INSTRUCTIONS TO FOLLOW -
Quote the lines below from the one containing "LPR MIX COMBO, FLOWER" to the final line, both ends included; exclude the pictures.

MATERIAL PROVIDED -
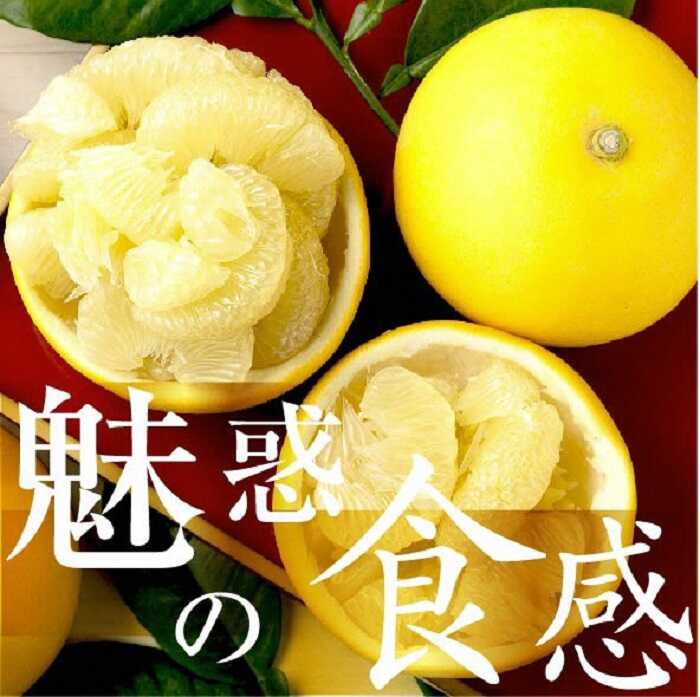 【ふるさと納税】【先行予約】☆至高の柑橘　高知産土佐文旦☆ M 12玉入【家庭用】〈2027年1月下旬頃より順次発送〉/ 柑橘 フルーツ 先行予約 ぶんたん ブンタン 果物 お取り寄せ【TAMURAKAJUEN】[BQAQ009]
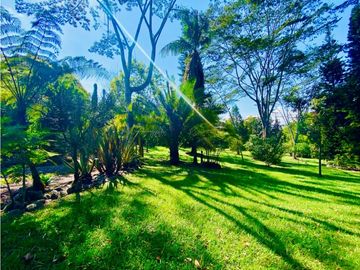 Casa Para Arriendo Amoblada en Llanogrande Pontezuela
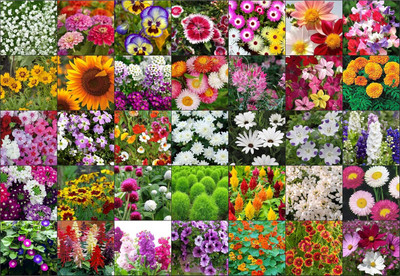 LPR MIX COMBO, FLOWER COMBOO Seed(100 per packet)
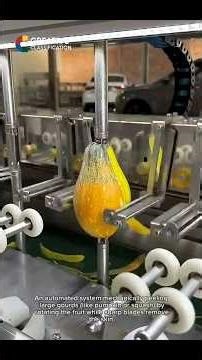 Unstoppable Machines Witness the Most Satisfying Modern Factory Production Lines!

EXPECTED ANSWER -
 LPR MIX COMBO, FLOWER COMBOO Seed(100 per packet)
 Unstoppable Machines Witness the Most Satisfying Modern Factory Production Lines!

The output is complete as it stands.